The EEOC’s New Collection of Pay Data—Fifty Years in the Making

The EEOC’s New Collection of Pay Data—Fifty Years
in the Making
J. Lane Crowder 

President John F. Kennedy first signed the Equal Pay Act into law in 1963. Since that time, the EPA has been one of a group of federal laws providing protection from discrimination to employees by prohibiting wage discrimination on the basis of gender. Despite significant reductions in the pay gap between men and women since Congress first enacted the EPA, the EEOC has determined that pay disparities still exist. On January 29, 2016, the EEOC first announced its proposal to revise the Employer Information Report (EEO-1) under which employers had been providing data regarding their workforces for fifty years.1 The proposal included a requirement that employers and federal contractors with 100 or more employees provide the EEOC with pay data segregated by race, ethnicity, sex, and job categories.

In addressing the need to change longstanding EEO-1 data collection, EEOC Chair Jenny R. Yang emphasized, “More than 50 years after pay discrimination became illegal it remains a persistent problem for too many Americans. Collecting pay data is a significant step forward in addressing discriminatory pay practices. This information will assist employers in evaluating their pay practices to prevent pay discrimination and strengthen enforcement of our federal anti-discrimination laws.”2 Secretary of Labor Thomas E. Perez agreed, stating, “We expect that reporting this data will help employers to evaluate their own pay practices to prevent pay discrimination in their workplaces. The data collection also gives the Labor Department a more powerful tool to do its enforcement work, to ensure that federal contractors comply with fair pay laws and to root out discrimination where it does exist.”3

On March 16, 2016, the EEOC held a public hearing on the proposal during which fifteen witnesses testified. On July 13, 2016, the EEOC announced additional time for the public to release comments regarding the proposed update of EEO-1 reports. The additional comment period just recently closed on August 16, 2016. Although employers have been providing EEO-1 data on their workforces pertaining to race, ethnicity, sex, and job categories for decades, the new proposal would require employers to provide additional information regarding summary data of pay ranges and hours worked.4

In explaining the need for additional pay data in its notice published in the Federal Register on July 14, 2016, the EEOC noted that some of the public comments received during the initial comment period questioned whether pay disparities based on unlawful discrimination still exist. The EEOC rejected that suggestion and emphasized:
Based on federal data and a robust body of research, the Commission concludes that: (1) Persistent pay gaps continue to exist in the U.S. workforce correlated with sex, race, and ethnicity; (2) workplace discrimination is an important contributing factor to these pay disparities; and (3) implementing the proposed EEO-1 pay data collection will improve the EEOC's ability to efficiently and effectively structure its investigation of pay discrimination charges.

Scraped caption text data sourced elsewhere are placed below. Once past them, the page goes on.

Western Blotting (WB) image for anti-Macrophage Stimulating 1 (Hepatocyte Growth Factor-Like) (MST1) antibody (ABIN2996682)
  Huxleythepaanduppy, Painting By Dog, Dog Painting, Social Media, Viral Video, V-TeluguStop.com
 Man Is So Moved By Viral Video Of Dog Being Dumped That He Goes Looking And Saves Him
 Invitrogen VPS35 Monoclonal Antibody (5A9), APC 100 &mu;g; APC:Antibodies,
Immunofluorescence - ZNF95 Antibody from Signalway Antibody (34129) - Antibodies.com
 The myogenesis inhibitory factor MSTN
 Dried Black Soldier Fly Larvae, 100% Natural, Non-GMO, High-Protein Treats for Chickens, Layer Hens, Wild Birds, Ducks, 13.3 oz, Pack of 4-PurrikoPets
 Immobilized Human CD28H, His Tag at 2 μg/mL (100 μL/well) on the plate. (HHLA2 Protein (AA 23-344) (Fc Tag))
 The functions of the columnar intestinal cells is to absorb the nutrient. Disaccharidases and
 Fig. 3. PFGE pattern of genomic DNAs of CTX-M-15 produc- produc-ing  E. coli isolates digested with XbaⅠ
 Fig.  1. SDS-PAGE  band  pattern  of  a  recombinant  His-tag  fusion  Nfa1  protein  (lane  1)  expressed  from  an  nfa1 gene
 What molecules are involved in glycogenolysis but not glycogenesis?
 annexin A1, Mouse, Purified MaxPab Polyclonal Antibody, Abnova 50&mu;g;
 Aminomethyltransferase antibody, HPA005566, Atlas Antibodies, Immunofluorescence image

First, persistent pay gaps exist in the U.S. workforce correlated with sex, race, and ethnicity. As of 2014, for women of all races and ethnicities, the median annual pay for a woman who held a full-time, year-round job was $39,621, while the median annual pay for a man who held a full-time, year-round job was $50,383.

The EEOC has found that African American and Hispanic women face the most significant pay gap with respect to white, non-Hispanic men. The agency cites studies indicating African American women earn almost 40 percent less than white men, and Hispanic women earn 44 percent less than white men. Other disparities exist between African American and Hispanic women and white women.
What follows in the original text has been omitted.